Solicitor General Tushar Mehta, during the hearing of a petition filed in the Supreme Court, objecting to the construction of the new parliament and secretariat complex, or Central Vista, counted the pros of it.
The Solicitor General said that this plan and construction is not a bargain of losses or a waste of the public exchequer, but through this, due to the proper utilization of funds, it will save Rs 1.5 thousand crore rupees every year. It will be an eco-friendly building, natural energy will be used as well as offices running in rented buildings of various ministries will also come in their official building Central Vista.
Responding to the pleas of the petitioners’ counsel Shyam Dewan and Kapil Sibal before a bench headed by Justice AM Khanwilkar in the Supreme Court, Tushar Mehta said that the current building of parliament is over a hundred years old. It is evident that according to the current era, safety measures have been taken only with jugaad technology. The strength of the building has also been affected by the timestamps.

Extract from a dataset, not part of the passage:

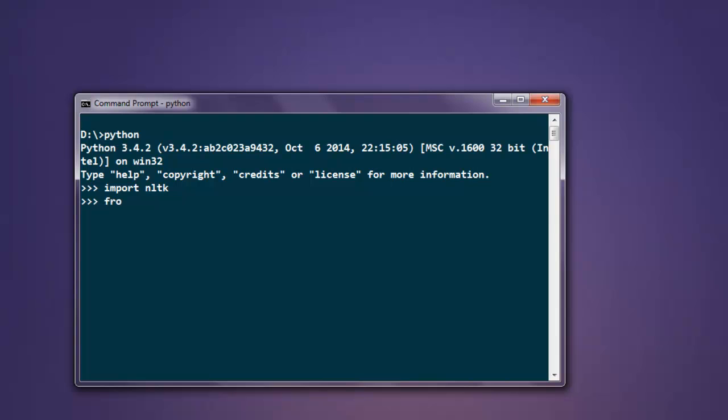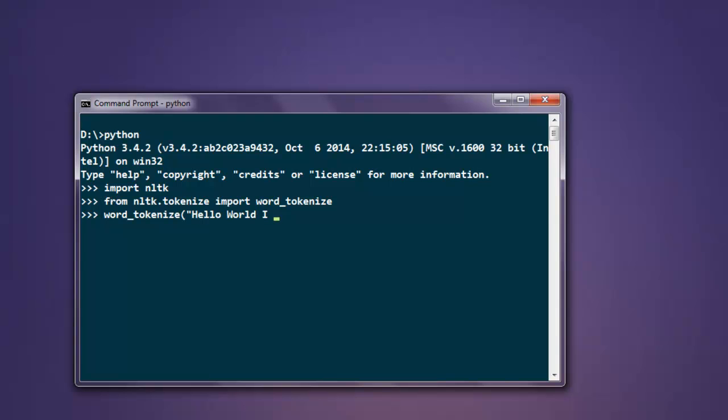After that, we are going to import word_tokenize from nltk.tokenize. Once you successfully import it, simply use word_tokenize and give it, let's say, 'Hello World I am NLTK'. You'll find that it will split your sentence with spaces and punctuation.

Tushar Mehta further said that the people who have challenged this project here talk about the lack of space in the parliament, the lack of security arrangements, and the lapse in the system. In such a situation, there is no need to assess and study this project from any independent institute or agency.
By filing two petitions before the Supreme Court, the petitioners have accused the government of illegally changing the land-use rules for the proposed Central Vista project at a place next to Rajpath. Under this project, ten buildings are to be built for all the ministries, secretariat, and many other offices including Parliament House.
The Supreme Court issued notice to the government and sought answers to the questions and allegations raised in the petition but did not stay the project work. For three days, Shyam Dewan questioned the various aspects of this project and put the intention of the government in the dock.
Mehta has submitted before the Court:
” Our Government functions through Council of ministers which is answerable to the parliament and parliament, in turn, is accountable to the people. That is the nature of our representative democracy.”
Justice Khanwilkar asked if Rule of law applies to India. Due process is part of the law. “They are saying you are following the rule by law not rule of law,” he commented.
The court has adjourned the proceeding for today. The case will now be heard tomorrow.
In its defense of the proposed Central Vista redevelopment project, the Centre told the Supreme Court yesterday that the question of whether or not to have a new Parliament building is a policy decision that the government is entitled to take.